The mechanism of molecular motion changes as the environment changes; in this case, due to competition from free receptors (blue) in solution
Controlling how molecules move on surfaces could be the key to more potent drugs that block the attachment of viruses to cells, and will also speed development of new materials for electronics and energy applications. Tyndall National Institute, UCC researcher Dr. Thompson performed computer simulations that enabled a greater understanding of how two-legged molecules move along patterned surfaces, in a kind of molecular hopscotch.
Widespread industrial uptake of nanotechnology requires cheap, easy and robust solutions that allow manipulation of matter at the smallest scales and so a key enabling feature will be the ability to move material around molecule by molecule. One of the major difficulties is the very different physics that operates at the scale of atoms and molecules; water, for example, feels more like treacle to a molecule, and molecules tend to huddle and stick together due to microscopic forces between their atoms. Dr. Thompson explains: “The experiments performed by the group at Twente were very elegant. They involved making two-legged molecules and using a fluorescence microscope to watch how they move along a wet surface. The molecules are hydrophobic, meaning they don’t like water, and the surface was pockmarked with hydrophobic cavities so a weak glueing interaction, based on a mutual dislike of water, drives the interaction between the molecules and the surface.
While the energetics of this type of interaction was worked out over a decade ago by George Whitesides’s group at Harvard, it’s usefulness for materials development was limited because little was known until now on the paths that the molecules take”.
Because the molecules have multiple legs, they display a surprisingly rich behaviour at the surface, beyond simply attaching/detaching, with Dr. Thompson’s computer simulations complementing the experiments and showing the different mechanisms by which the molecules move. The motion switches from walking to hopping to flying, as the environment changes.

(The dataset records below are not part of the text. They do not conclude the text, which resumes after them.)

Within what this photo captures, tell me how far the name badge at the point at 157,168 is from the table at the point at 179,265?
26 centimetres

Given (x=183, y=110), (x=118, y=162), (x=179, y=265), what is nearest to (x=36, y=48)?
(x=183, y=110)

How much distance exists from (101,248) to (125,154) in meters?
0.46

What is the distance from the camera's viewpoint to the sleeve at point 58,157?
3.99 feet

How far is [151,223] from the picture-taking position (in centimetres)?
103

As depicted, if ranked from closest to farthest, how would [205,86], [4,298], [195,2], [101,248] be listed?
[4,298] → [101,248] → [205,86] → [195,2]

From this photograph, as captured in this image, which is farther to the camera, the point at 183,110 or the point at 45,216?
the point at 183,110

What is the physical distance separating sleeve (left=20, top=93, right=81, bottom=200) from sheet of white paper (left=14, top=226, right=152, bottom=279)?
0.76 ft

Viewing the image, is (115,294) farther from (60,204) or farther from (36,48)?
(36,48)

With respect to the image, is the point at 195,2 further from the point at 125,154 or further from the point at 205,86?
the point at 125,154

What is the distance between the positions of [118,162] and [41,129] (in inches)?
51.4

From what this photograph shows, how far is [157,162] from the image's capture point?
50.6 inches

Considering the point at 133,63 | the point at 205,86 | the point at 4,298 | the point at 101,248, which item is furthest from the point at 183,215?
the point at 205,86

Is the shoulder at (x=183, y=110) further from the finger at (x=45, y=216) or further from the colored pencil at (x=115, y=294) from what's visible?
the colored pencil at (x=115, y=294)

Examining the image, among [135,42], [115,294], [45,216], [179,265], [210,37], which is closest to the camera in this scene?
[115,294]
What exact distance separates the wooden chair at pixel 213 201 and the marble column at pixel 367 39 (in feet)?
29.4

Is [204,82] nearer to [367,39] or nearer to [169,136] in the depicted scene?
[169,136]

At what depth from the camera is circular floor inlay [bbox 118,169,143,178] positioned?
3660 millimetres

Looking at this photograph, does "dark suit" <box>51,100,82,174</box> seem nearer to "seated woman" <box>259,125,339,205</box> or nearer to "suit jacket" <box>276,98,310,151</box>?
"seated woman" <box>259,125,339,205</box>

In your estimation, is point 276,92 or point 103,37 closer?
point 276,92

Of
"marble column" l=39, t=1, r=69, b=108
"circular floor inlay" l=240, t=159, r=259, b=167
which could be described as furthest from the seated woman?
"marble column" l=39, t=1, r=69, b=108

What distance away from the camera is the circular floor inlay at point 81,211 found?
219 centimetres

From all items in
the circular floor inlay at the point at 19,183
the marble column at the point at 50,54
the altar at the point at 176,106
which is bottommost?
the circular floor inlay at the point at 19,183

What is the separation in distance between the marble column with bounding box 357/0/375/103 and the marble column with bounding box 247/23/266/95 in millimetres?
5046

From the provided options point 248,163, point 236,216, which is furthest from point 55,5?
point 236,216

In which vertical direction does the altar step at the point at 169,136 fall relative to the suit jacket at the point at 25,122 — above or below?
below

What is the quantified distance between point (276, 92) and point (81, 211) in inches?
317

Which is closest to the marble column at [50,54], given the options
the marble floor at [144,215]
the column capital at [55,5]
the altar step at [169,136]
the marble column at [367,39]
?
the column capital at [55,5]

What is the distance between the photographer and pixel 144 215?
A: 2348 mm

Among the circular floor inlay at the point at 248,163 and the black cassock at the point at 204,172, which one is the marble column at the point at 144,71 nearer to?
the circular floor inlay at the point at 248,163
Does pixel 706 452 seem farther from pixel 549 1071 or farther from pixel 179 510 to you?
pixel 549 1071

Dr. Thompson continues: “Access to high performance computing facilities enabled us to model the different pathways and aid interpretation of the microscopy results. We ran most of the simulations on our own Science Foundation Ireland-supported computing clusters at Tyndall, and also did a few larger-scale calculations at the Irish Center for High End Computing. It’s an exciting time for research as experiments and simulations are finally on the same page; the experiments can finally drill down far enough to see molecule-scale features while advances in computing mean we can routinely model systems composed of hundreds of thousands, and even millions, of atoms”.

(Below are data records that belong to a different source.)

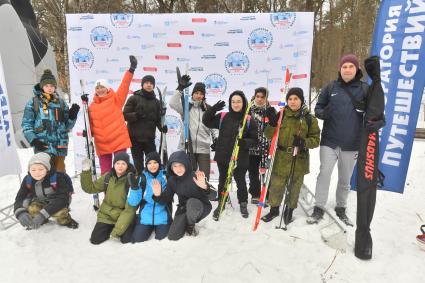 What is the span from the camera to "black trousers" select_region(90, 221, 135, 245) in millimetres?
3660

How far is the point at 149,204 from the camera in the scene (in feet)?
12.6

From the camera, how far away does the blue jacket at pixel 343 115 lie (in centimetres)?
366

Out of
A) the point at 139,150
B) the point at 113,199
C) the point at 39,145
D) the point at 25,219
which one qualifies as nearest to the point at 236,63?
the point at 139,150

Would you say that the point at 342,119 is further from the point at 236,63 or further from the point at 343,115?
the point at 236,63

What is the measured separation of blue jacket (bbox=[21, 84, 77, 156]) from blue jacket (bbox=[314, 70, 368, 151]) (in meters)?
3.53

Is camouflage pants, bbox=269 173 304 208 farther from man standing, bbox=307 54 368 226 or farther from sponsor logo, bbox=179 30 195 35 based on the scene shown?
sponsor logo, bbox=179 30 195 35

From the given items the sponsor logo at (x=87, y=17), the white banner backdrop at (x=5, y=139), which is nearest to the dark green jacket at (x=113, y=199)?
the white banner backdrop at (x=5, y=139)

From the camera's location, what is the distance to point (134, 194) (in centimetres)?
372

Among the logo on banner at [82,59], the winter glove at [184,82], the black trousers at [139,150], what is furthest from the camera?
the logo on banner at [82,59]

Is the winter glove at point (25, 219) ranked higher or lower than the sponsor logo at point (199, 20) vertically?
lower

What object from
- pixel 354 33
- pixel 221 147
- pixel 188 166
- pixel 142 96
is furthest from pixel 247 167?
pixel 354 33

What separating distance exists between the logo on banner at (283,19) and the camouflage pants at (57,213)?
454 centimetres

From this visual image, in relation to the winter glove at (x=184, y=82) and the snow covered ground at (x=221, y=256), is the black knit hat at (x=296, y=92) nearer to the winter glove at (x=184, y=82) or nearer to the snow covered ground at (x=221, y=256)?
the winter glove at (x=184, y=82)

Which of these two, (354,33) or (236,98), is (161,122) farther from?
(354,33) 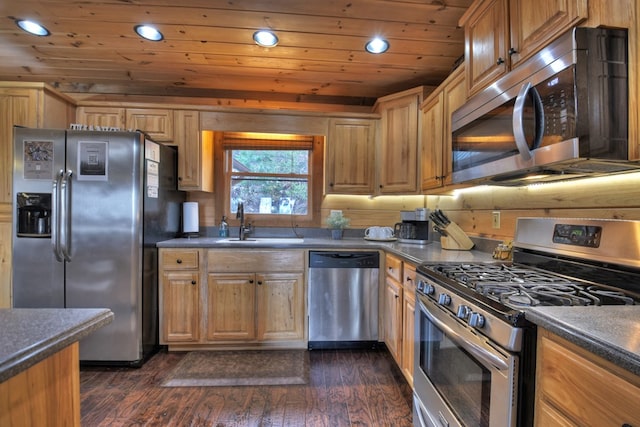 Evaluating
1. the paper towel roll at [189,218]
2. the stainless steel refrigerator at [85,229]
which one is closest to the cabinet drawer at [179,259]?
the stainless steel refrigerator at [85,229]

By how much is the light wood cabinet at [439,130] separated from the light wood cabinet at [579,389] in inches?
56.1

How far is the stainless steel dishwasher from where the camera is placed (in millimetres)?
2607

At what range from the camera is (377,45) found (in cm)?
231

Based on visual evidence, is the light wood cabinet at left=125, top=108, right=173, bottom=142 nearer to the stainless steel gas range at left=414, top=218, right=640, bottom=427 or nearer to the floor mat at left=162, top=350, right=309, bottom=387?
the floor mat at left=162, top=350, right=309, bottom=387

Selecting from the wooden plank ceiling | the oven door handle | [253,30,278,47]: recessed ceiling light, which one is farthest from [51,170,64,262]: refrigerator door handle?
the oven door handle

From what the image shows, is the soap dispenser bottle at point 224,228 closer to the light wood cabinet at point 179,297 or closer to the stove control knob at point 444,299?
the light wood cabinet at point 179,297

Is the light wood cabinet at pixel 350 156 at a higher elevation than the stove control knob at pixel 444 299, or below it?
higher

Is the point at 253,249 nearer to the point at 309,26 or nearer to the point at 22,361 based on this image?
the point at 309,26

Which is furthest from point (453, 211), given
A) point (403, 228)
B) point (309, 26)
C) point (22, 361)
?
point (22, 361)

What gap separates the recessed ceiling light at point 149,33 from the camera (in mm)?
2133

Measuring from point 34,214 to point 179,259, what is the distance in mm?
1053

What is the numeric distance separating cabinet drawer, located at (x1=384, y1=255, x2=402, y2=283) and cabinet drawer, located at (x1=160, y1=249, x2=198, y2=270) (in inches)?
62.0

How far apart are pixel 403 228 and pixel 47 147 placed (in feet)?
9.52

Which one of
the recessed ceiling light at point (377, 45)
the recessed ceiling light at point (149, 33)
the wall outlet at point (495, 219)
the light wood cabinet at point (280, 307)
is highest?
the recessed ceiling light at point (149, 33) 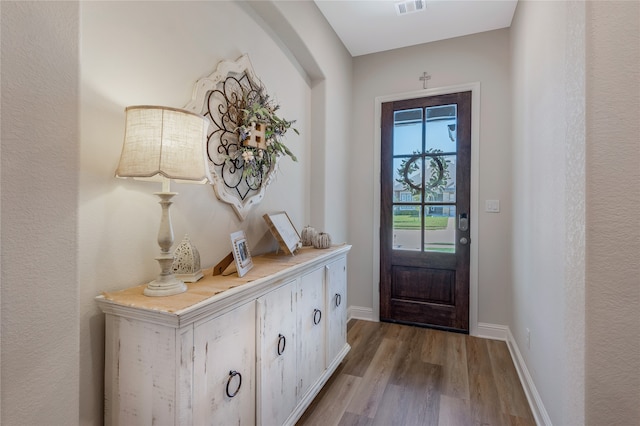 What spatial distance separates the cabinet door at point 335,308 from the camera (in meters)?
2.04

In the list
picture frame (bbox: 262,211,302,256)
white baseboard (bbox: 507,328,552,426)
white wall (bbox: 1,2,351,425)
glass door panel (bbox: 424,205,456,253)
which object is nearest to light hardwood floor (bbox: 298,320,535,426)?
white baseboard (bbox: 507,328,552,426)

The kinetics of multivalent (multisite) interactions at interfaces is poorly understood, despite its fundamental importance for molecular or biomolecular motion and molecular recognition events at biological interfaces. Here, we use fluorescence microscopy to monitor the spreading of mono-, di- and trivalent ligand molecules on a receptor-functionalized surface, and perform multiscale computer simulations to understand the surface diffusion mechanisms. Analogous to chemotaxis, we found that the spreading is directional (along a developing gradient of vacant receptor sites) and is strongly dependent on ligand valency and concentration of a competing monovalent receptor in solution. We identify multiple surface diffusion mechanisms, which we call walking, hopping and flying. The study shows that the interfacial behaviour of multivalent systems is much more complex than that of monovalent ones.

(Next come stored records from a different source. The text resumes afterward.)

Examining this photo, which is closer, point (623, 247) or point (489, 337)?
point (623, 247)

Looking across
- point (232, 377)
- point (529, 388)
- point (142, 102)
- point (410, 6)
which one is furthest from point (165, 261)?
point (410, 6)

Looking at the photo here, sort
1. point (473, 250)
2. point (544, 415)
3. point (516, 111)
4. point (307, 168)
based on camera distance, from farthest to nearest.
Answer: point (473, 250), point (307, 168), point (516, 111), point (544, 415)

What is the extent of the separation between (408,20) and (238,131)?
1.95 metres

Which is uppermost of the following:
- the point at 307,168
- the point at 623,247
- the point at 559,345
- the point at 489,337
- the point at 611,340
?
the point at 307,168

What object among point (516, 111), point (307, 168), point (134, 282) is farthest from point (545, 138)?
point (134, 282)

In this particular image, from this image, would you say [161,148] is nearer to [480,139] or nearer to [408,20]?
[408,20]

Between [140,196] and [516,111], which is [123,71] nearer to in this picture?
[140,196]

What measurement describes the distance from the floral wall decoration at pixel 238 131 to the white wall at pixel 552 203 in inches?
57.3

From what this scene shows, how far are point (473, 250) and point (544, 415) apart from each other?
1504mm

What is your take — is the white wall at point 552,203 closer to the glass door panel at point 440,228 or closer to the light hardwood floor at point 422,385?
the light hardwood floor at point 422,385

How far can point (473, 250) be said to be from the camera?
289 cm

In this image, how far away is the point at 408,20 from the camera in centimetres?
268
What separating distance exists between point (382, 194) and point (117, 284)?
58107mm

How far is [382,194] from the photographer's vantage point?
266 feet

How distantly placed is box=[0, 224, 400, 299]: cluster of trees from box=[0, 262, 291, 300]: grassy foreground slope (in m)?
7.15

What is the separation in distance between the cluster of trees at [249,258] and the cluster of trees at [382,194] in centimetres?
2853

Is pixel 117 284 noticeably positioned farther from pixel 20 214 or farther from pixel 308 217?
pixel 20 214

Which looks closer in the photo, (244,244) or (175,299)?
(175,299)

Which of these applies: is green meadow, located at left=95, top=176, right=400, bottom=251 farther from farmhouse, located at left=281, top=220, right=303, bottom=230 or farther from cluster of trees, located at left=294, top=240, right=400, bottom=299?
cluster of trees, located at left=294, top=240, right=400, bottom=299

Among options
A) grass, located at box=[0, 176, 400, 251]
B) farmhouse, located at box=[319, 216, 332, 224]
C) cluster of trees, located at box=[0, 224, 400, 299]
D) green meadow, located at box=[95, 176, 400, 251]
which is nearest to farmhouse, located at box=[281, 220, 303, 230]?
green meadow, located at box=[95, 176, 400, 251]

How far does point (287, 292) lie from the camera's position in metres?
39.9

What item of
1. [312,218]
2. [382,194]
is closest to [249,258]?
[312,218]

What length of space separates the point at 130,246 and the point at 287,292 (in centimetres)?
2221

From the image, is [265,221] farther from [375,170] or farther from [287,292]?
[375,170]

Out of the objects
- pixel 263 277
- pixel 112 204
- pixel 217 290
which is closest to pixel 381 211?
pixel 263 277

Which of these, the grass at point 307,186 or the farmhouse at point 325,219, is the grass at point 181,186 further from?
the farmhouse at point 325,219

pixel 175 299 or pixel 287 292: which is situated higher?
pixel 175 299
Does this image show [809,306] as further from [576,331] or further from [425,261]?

Representative structure from the molecular dynamics simulations, showing a planar view of the model used to describe the interaction of the GII divalent molecule with the CD-functionalized surface. Water molecules and hydrogen atoms are omitted for clarity. The central orthorhombic unit cell is marked by the black rhombus; expansion with periodic boundary conditions provides the extended hexagonally-packed CD-functionalized surface. The GII molecule is colored blue with Ad anchors shown as spheres and the remaining atoms shown as sticks. The oxygens of the OH groups at the entrance to the CD cavities are shown as red spheres with the remaining atoms shown as brown sticks. The underlying linkers and substrate, arbitrarily set in the simulations to alkanethioether chains and Au(111), are shown as brown sticks and gold spheres. Surface binding sites are labelled in the central unit cell, with Hs1 and Hs2 denoting respectively the CD site binding GII group Ad1 and Ad2. The remaining two uncomplexed surface sites are labelled Hs-free. The snapshot shows the monovalent GII(Hs)1 complex formed after releasing Ad1 from site Hs1.